Auch Charlotte Falk blickt auf eine lange und erfolgreiche Arbeit in verschiedenen Gremien in und außerhalb der Schule zurück, so der Schulleiter in seiner Würdigung. Schon seit ihrem Referendariat ist sie als Berufsschullehrerin an der Max-Eyth-Schule tätig. Unterbrochen wurde der Zeitraum nur durch einen kurzen Einsatz als Hilfsdezernentin beim Regierungspräsidium in Gießen.
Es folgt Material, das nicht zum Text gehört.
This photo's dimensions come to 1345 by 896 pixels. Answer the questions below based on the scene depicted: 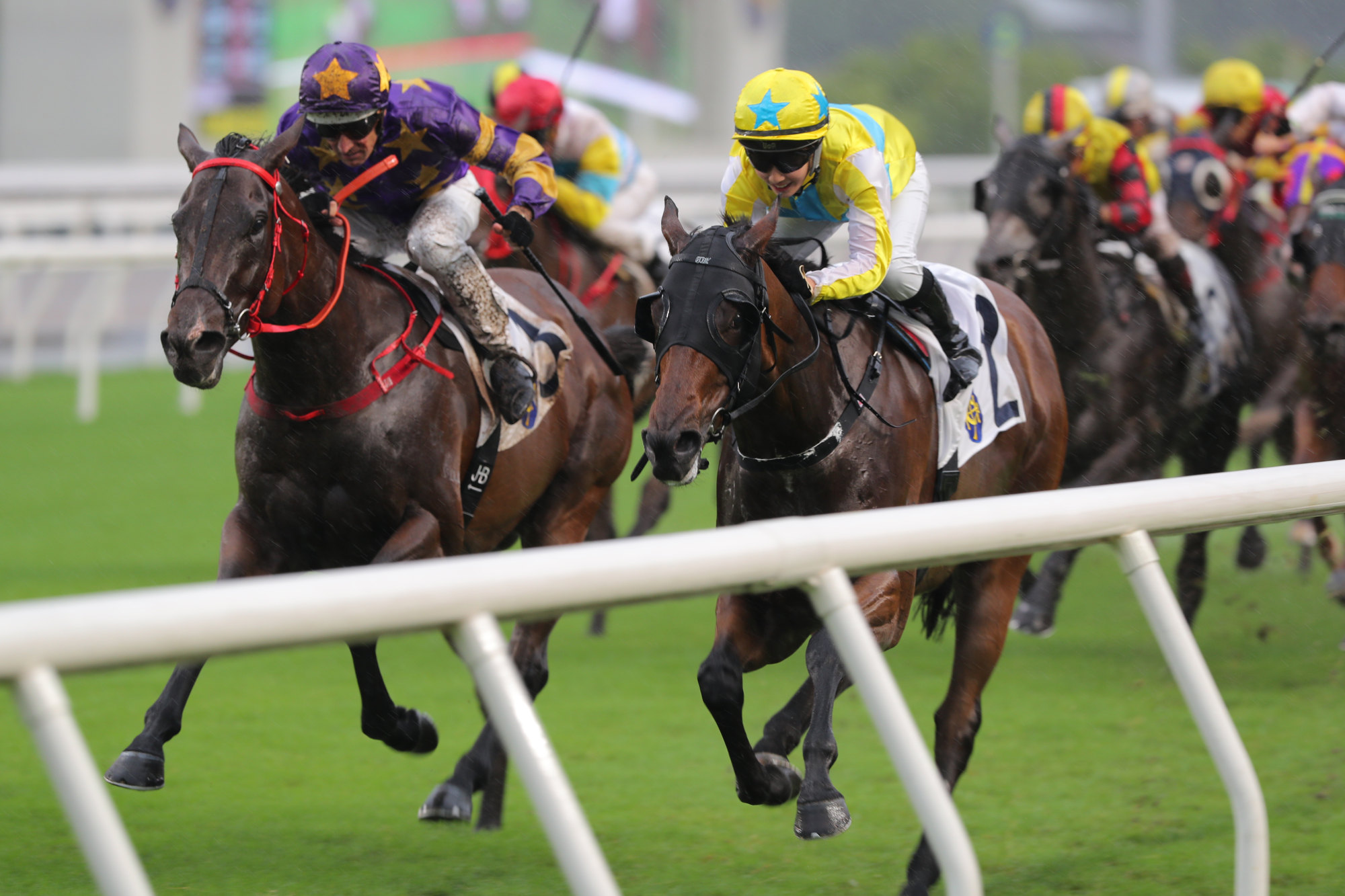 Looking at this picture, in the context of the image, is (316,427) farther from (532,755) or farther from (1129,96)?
(1129,96)

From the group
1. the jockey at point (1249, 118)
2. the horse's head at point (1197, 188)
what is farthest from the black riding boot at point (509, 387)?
the jockey at point (1249, 118)

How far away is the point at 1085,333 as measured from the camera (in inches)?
259

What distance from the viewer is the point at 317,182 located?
4.34m

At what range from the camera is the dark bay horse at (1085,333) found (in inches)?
248

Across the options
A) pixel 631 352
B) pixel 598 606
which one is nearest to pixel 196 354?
pixel 598 606

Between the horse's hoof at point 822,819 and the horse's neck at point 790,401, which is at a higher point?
the horse's neck at point 790,401

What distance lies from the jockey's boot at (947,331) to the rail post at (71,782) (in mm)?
2865

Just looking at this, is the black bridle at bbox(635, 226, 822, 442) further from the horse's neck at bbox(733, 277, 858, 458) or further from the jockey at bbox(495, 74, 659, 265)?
the jockey at bbox(495, 74, 659, 265)

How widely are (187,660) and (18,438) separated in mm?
10217

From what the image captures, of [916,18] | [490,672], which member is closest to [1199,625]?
[490,672]

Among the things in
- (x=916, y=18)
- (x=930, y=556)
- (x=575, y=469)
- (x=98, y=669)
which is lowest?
(x=916, y=18)

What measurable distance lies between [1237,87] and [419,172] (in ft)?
16.0

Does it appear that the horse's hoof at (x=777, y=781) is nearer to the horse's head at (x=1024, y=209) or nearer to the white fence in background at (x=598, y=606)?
the white fence in background at (x=598, y=606)

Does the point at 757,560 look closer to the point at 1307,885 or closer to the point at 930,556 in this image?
the point at 930,556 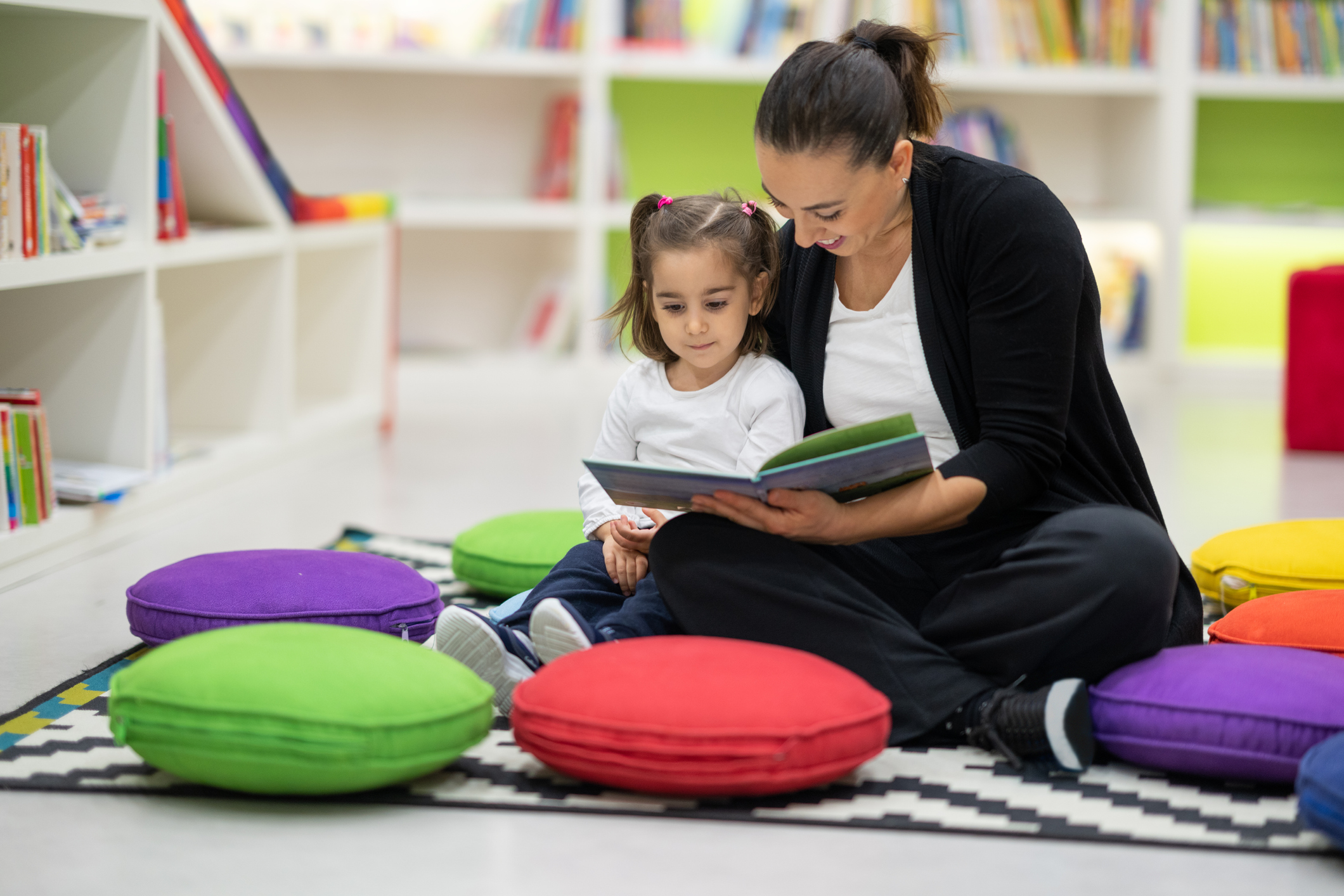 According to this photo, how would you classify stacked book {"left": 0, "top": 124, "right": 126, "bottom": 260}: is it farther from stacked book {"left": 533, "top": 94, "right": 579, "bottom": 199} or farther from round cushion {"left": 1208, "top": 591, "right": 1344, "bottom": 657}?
stacked book {"left": 533, "top": 94, "right": 579, "bottom": 199}

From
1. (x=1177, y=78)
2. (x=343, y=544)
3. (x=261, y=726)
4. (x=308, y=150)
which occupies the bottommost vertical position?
(x=343, y=544)

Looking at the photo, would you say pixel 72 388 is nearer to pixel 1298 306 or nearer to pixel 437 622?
pixel 437 622

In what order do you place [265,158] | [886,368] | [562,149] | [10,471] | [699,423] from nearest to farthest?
[886,368] → [699,423] → [10,471] → [265,158] → [562,149]

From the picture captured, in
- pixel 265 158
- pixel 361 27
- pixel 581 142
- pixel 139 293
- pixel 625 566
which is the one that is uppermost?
pixel 361 27

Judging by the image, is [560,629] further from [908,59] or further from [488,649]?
[908,59]

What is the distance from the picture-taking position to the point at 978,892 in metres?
1.08

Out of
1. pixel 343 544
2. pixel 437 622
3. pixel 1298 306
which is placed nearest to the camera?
pixel 437 622

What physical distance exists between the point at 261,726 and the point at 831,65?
31.2 inches

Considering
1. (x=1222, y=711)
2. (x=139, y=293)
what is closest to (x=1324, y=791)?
(x=1222, y=711)

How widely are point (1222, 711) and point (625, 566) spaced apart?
640mm

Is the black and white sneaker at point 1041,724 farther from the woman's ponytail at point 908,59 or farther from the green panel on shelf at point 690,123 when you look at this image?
the green panel on shelf at point 690,123

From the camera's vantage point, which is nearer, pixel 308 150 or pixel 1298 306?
pixel 1298 306

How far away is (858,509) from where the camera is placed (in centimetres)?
141

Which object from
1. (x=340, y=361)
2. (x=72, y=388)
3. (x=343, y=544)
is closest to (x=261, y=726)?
(x=343, y=544)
Während ihrer Dienstzeit an der Max-Eyth-Schule war sie dann Mitglied des Personalrates und vieler weiterer schulischer Arbeitsgruppen. 1991 wurde Charlotte Falk dann zur Oberstudienrätin ernannt und ab Dezember 1996 mit der Leitung einer Abteilung (VI) beauftragt. Seitdem hat sie es verstanden die Schulformen ihrer Abteilung weiter zu entwickeln. So entstanden für die Schülerinnen und Schüler zukunftsweisende Bildungsangebote, welche in hohem Maße auch von außerhalb des Vogelsbergkreises nachgefragt werden. Dieser starke Zuspruch machte es schließlich sogar notwendig einige Schulformen aus der Abteilung auszugliedern. Die diesjährigen Anmeldezahlen für das Berufliche Gymnasium, die einen neuen Höchststand erreicht haben, sind eindeutig Ausdruck dieser erfolgreichen Arbeit, so Schulleiter Miebach. Dabei stand für die Pädagogin immer die Teamarbeit im Vordergrund, bei der gemeinsam mit den Kolleginnen und Kollegen ihrer Abteilung höchste fachliche und pädagogische Standards entwickelt und mutig neue Wege gegangen wurden. Vom Kultusministerium neu eingerichtete Schulversuche wurden dann auch ohne Zögern in Angriff genommen und aufgrund des großen Engagement ist die Max-Eyth-Schule auch für das neue Landesabitur bestens gerüstet. Schulleiter Miebach lobte auch Charlotte Falks großen Einsatz, wenn es um die Belange ihrer Abteilung in der Schulleitung gehe, wobei ihr allerdings auch das Gesamtwohl der Schule nicht aus dem Blick gerate. Diesbezüglich ist ihr auch die Planung zusammen mit den anderen "Stammtischmitgliedern" der jährlichen Betriebsausflüge ein großes Anliegen, welche längst zu Highlights in der Schulkultur geworden sind. Abschließend dankte ihr der Schulleiter für die vielen Aktivitäten in den letzten 25 Jahren und wünschte ihr auch in Zukunft die Kraft und den Elan, die anstehenden Aufgaben auch weiterhin umsichtig zu meistern.